Florida school reopening lawsuit heads to mediation

Lawyers for Gov. Ron DeSantis had asked the court to dismiss the case.
Leon County Judge Charles Dodson held a hearing Friday on whether to dismiss a case challenging the state's school reopening order. He denied the motion, opening the way for mediation efforts to begin Tuesday.
Leon County Judge Charles Dodson held a hearing Friday on whether to dismiss a case challenging the state's school reopening order. He denied the motion, opening the way for mediation efforts to begin Tuesday. [ 2nd Judicial Circuit of Florida ]
Published Aug. 14, 2020|Updated Aug. 14, 2020

The Florida Education Association’s legal fight against the state’s order to reopen schools for in-person learning survived its first major challenge on Friday.

“I am denying the motion to dismiss,” Leon County Judge Charles Dodson said, after hearing arguments for an hour.

Lawyers for Gov. Ron DeSantis had asked Dodson to short-circuit the case, contending the teachers union lacked standing to bring it. They also argued that the court wasn’t the proper place to decide an essentially political question.

The judge did not agree, saying the merits of this complaint deserve a full airing. However, he added, his ruling was not a declaration that the plaintiffs are on a path to success.

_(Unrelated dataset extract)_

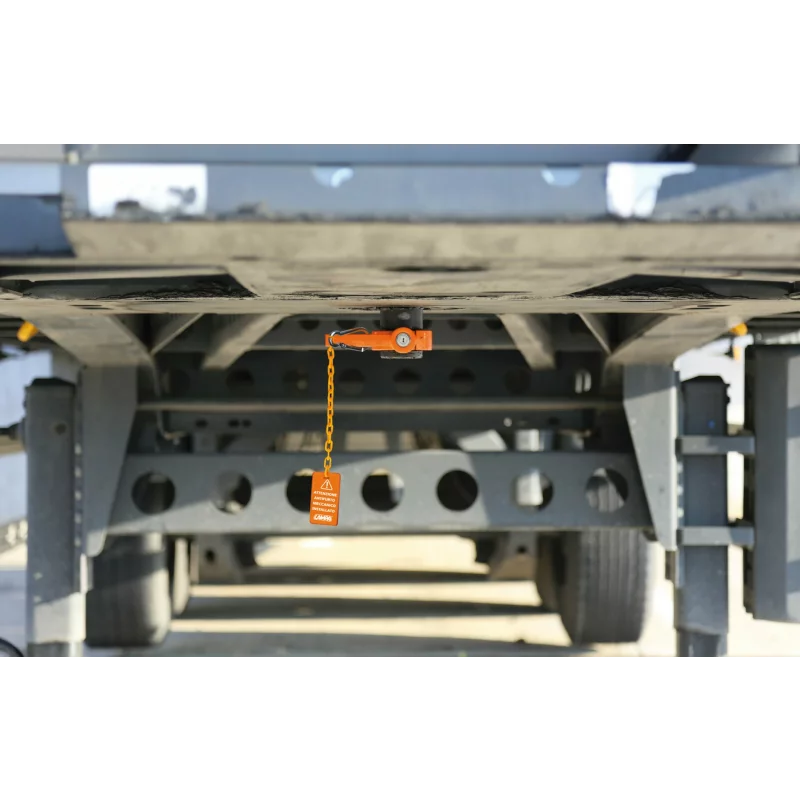 Antifurt universal pentru blocare pivot cuplare semiremorcă Secure Trailer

Moreover, he reiterated his stance from Thursday’s scheduling hearing that a better answer could come from the parties themselves.

“This is a case that cries out for the parties to come together and come up with a resolution at mediation,” Dodson said. “I am confident that if you work really hard you can do that.”

He ordered the sides to enter mediation, to conclude no later than midnight Tuesday. If they can’t reach a deal, he has scheduled a hearing on the complaint to begin at 8:30 a.m. Wednesday.

Related: Teacher lawsuit challenges Florida’s school reopening order

David Wells, lead attorney representing the state, said former U.S. Sen. George Lemieux will handle the discussions for his side while he prepares for court. He added that the two sides have already reached out to each other for scheduling, and have started looking for a mediator.

Wells had tried to convince the judge to dismiss the case for several reasons, including the alleged lack of standing of the plaintiffs. Such an argument has killed off other FEA lawsuits in the past, including the union’s challenge of state tax credit scholarships.

He argued that the parents who joined the FEA as plaintiffs had nothing to complain about, as they were not being forced to do anything. He added that the teacher plaintiffs should look to their contracts with their districts to work out their concerns over returning to school, and not to the courts.

Ron Meyer, representing the plaintiffs, said that, unlike in past cases, this was no esoteric question of law that any person might ask. He said the case deals in life and death decisions that parents and teachers are being forced to make based on the state’s arbitrary position that schools must reopen for in-person classes in August.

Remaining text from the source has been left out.